As Toucan Sam likes to remind us, Barack Obama said “If you like your doctor, you can keep your doctor,” but our new insurance company apparently did not get the Presidential memo.
It is thus time for me to shop for a new physician. The new insurer assigned me to a doctor, but after a couple of hours on hold with the big clinic where he works, I learned that (a) he isn’t accepting new patients, and (b) he is mostly retired.
One Medical has a couple of offices here in Boston and claims to be patient-centric rather than insurance-company-centric. Does anyone have experience with this concierge-lite primary care system? (it is $200/year, which is a lot better than waiting on hold for hours!)

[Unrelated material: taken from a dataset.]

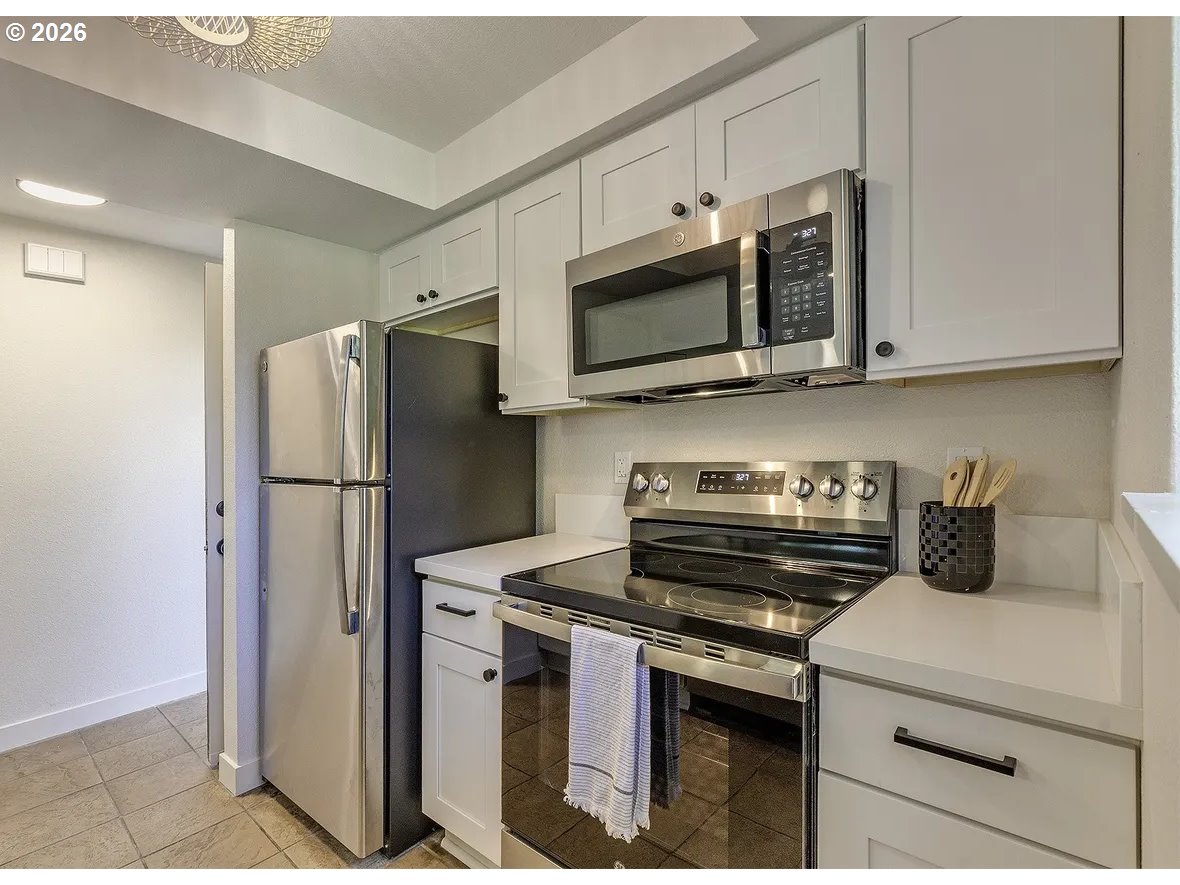 Photo #33: 370404550 Listing: Photo #33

Update… part of the sign-up form:
(I decided to sign up based on positive reviews from people here and also a friend who drives 30 minutes from the Boston suburbs to continue his treatment at One Medical. As readers can no doubt imagine, it was tough for me to resist entering a long essay into the Gender Information box. And, then, of course, I had to de-subscribe from One Medical after it turned out that they accept Tufts insurance, yes, but not the particular flavor of Tufts “Platinum” that we have.)

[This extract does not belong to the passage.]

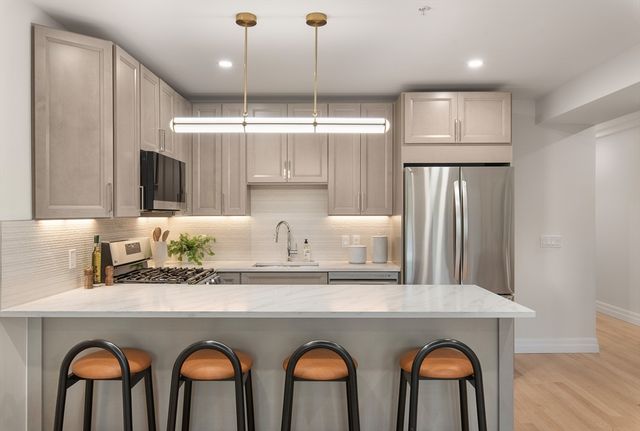 72 Hyde Park Ave 1, Boston, MA 02130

Today is National Pearl Harbor Remembrance Day, marking 79 years since we entered World War II in order to fight Totalitarianism.
Here in Massachusetts, as part of our governor’s more-than-50 orders, we are required to tell the government, via a web form, about any travels that we might have undertaken. And “Quarantine for 14 days or produce a negative COVID-19 test result that has been administered up to 72-hours prior to your arrival in Massachusetts.”

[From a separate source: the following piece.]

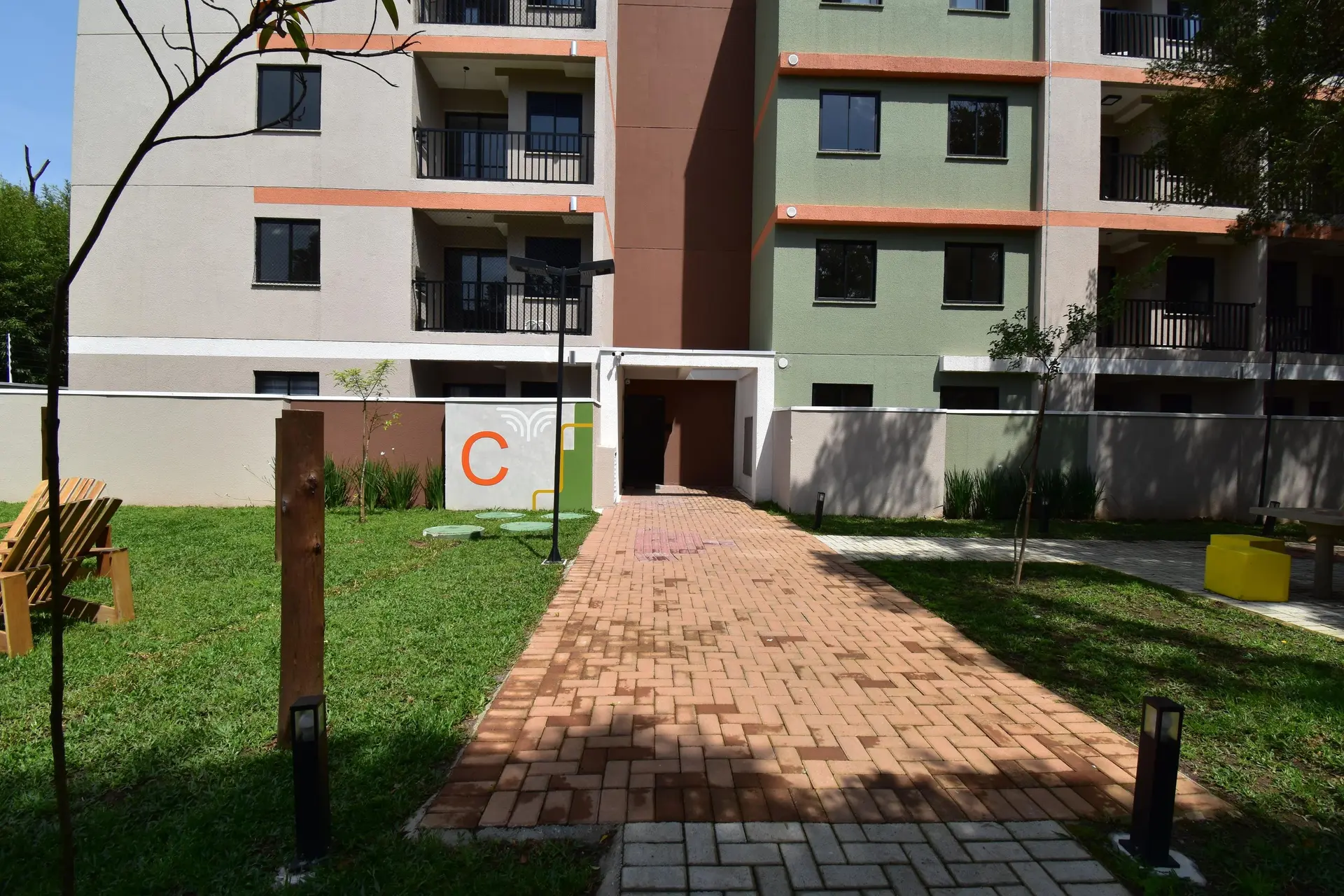 Balcony with a grill in a 3-bedroom apartment, 64 m² — photo 43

72-hour Testing Rule: The individual can produce, upon request, proof of a negative test result for COVID-19 from a test administered on a sample taken no longer than 72 hours before your arrival in Massachusetts.
So we’ve spent hundreds of $billions (software, time spent with forms) for our medical records to be protected by HIPAA (federal law), but the state can demand a portion of our record via a “request” (fine of $7,000 if one fails to comply with the “request”; see the governor’s 45th order).
Plainly the Shutdown Karens can say that this is quite reasonable. The governor has declared an emergency so the state government should have access to whatever is necessary to deal more effectively with that emergency (never mind that test and trace immediately fell apart, so this information is useless, or that the typical person is not contagious by the time a test has been scheduled and result received (NYT)). But, on the other hand, a governor can declare additional “emergencies” any time that he/she/ze/they wants to. Obesity kills far more Americans than COVID-19. Couldn’t a governor declare an obesity crisis and demand that people submit medical records related to obesity and diabetes? We’re already in an opioid crisis, right? Why shouldn’t the state have the right to “request” your prescription records to make sure that you haven’t been getting too many OxyContin pills? (and fine you $7,000 if you fail to comply with the request)
Very loosely related, a conversation with a 5-year-old after putting a e-collar on our golden retriever to prevent her from scratching at a scab:
Me: Mindy doesn’t like wearing this collar.
Child: Why not?
Me: Even a dog can tell when her liberty is taken away.